No meio desta esquizofrenia, em que é difícil perceber quem andamos a tentar enganar, a crise que vivemos vem abanar profundamente o sector petrolífero e trazer-nos a esperança de entregar à geração que se segue um planeta viável.

Datam da década de 50 os primeiros estudos científicos que concluíram que a queima de combustíveis fósseis estava a conduzir ao aquecimento global, sendo que em 1965 tanto a indústria quanto os responsáveis políticos (pelo menos nos EUA) tinham conhecimento deste facto e da sua gravidade.

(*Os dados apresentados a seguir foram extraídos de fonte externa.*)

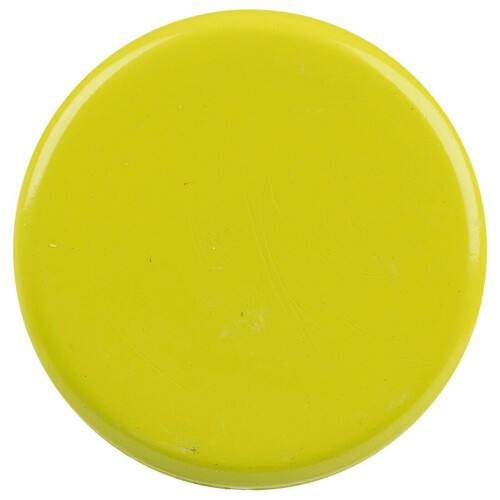 URBN Living (10, Green Cone) Plastic Door Knobs Handles Drawer Cupboard Small 2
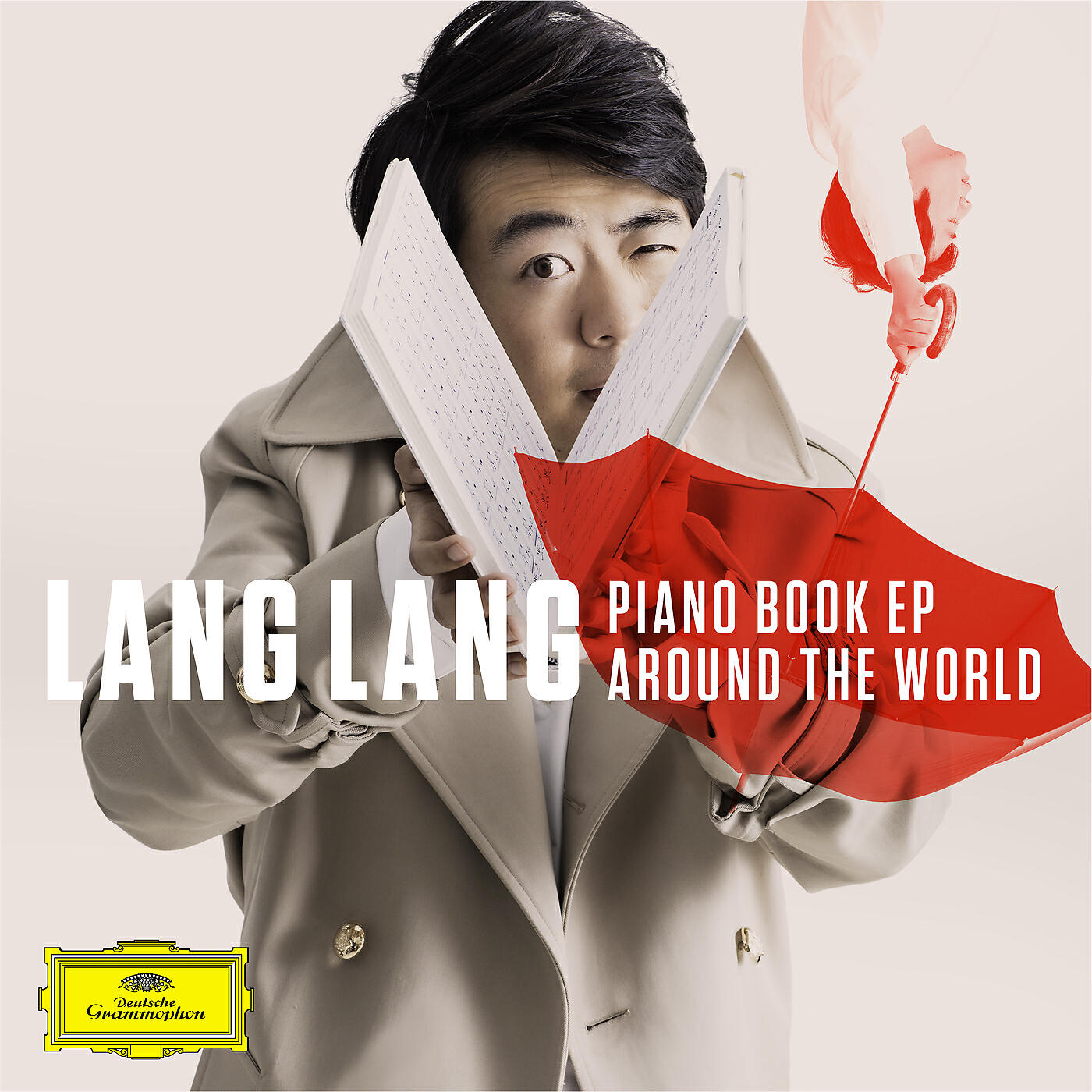 Lang Lang - Darwish: Song at Nile River's Bank (Arr. Schindler for Piano Solo)
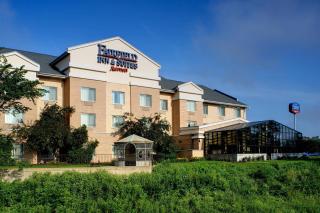 Fairfield Inn & Suites Indianapolis East - Indianápolis - 2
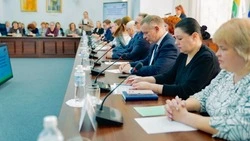 Отчётно-выборная конференция региональной организации ВОС прошла в Прохоровке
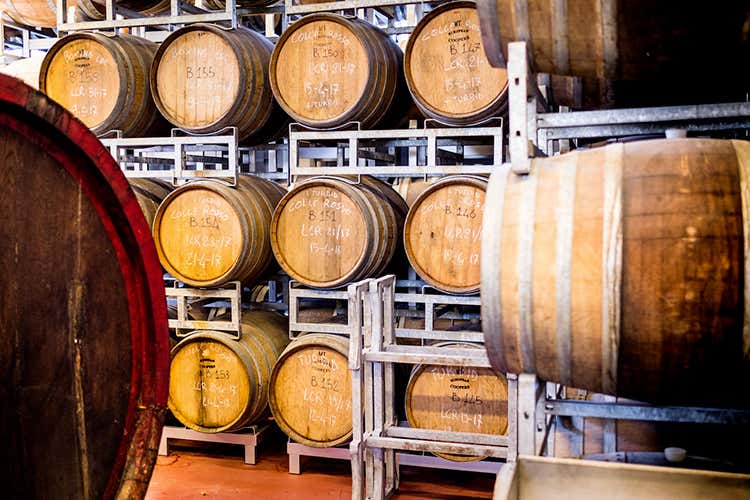 (Dalla cessione al progetto Collerosso Birra del Borgo non si slega dal territorio)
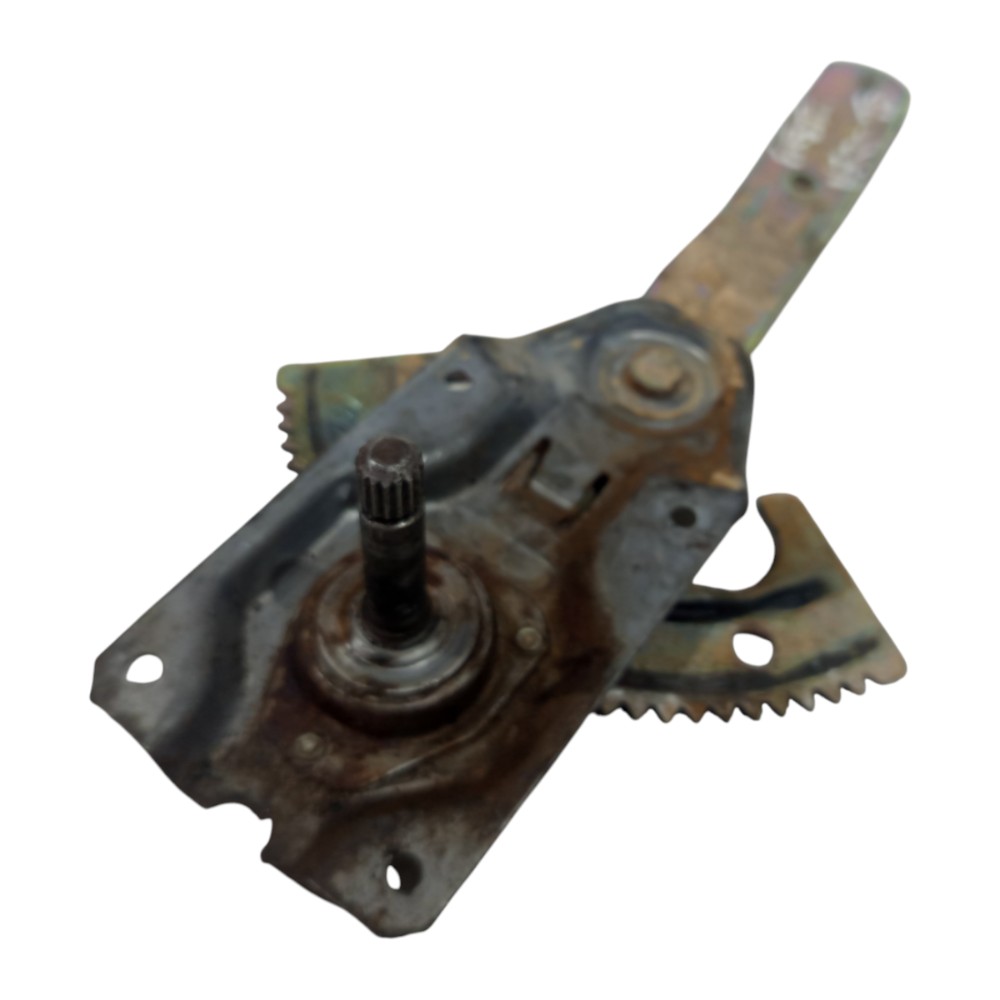 Maquina Vidro Manual Traseira Direita Ford Fiesta 1996/2002 5
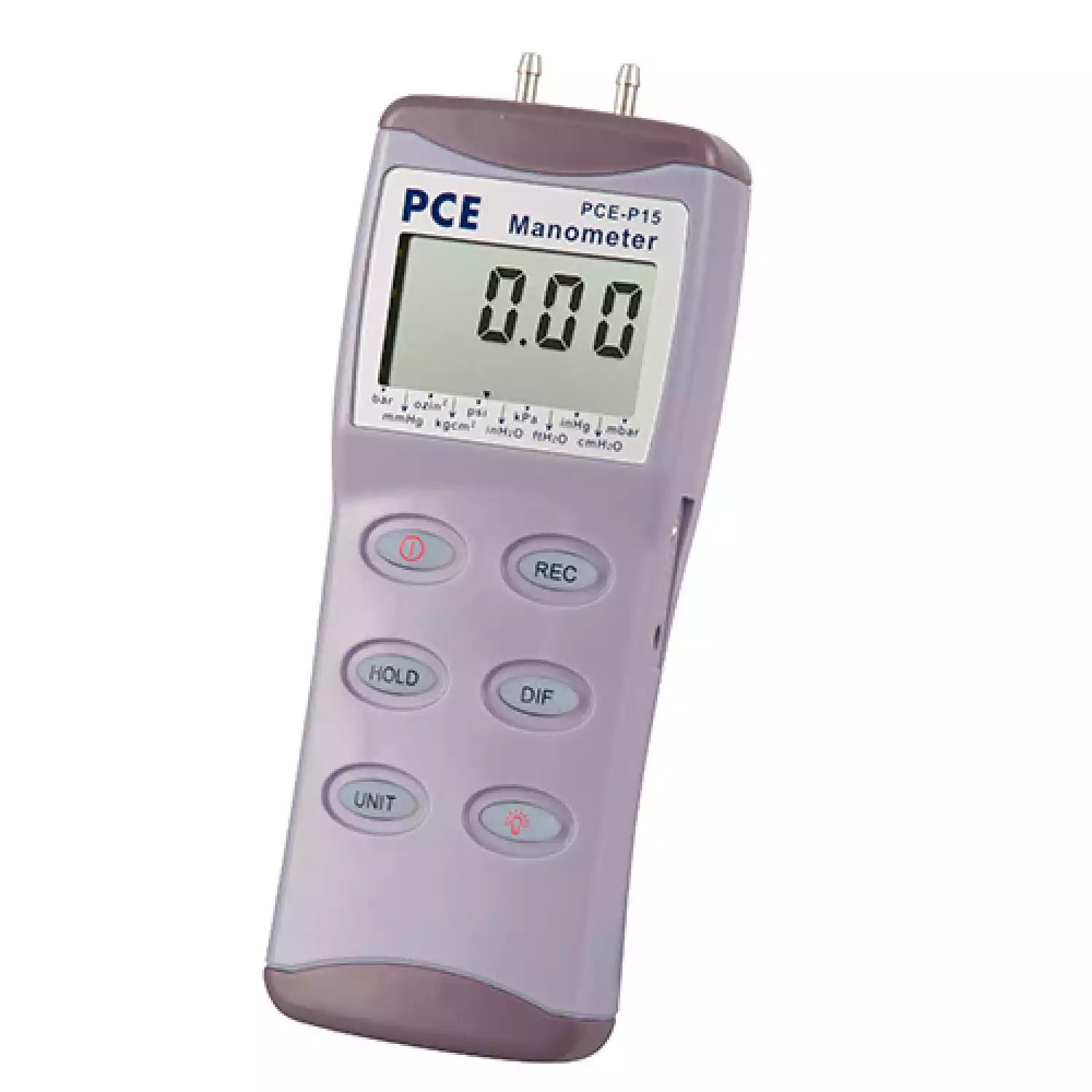 Дифференциальный манометр PCE-P15 - 1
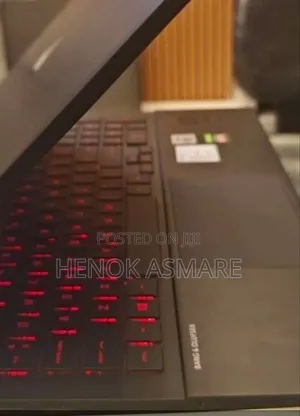 New Laptop HP Omen 15 16GB Intel Core I7 SSD 1T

Essa é, portanto, a data considerada como ponto de partida para um estudo do Climate Accountability Institute, que avaliou a contribuição da extracção de petróleo nas emissões totais de dióxido de carbono e metano, até hoje lançadas para a atmosfera. A conclusão é que só as 20 principais empresas petrolíferas são responsáveis por uns impressionantes 35% de todas as emissões dos últimos 55 anos – impacto tornado evidente pela surpresa de cidades que, ao fim de décadas e em virtude de uma pandemia, voltaram a saber que têm céu.

Na lista dos maiores contribuidores estão empresas que nos são tão familiares quanto a Shell, a BP e a tristemente famosa Petrobras, ora detidas pelos respectivos Estados (em países como o Irão, Emiratos Árabes, México, China ou Venezuela) ora por empresas accionistas (nos EUA, França, Holanda ou Inglaterra).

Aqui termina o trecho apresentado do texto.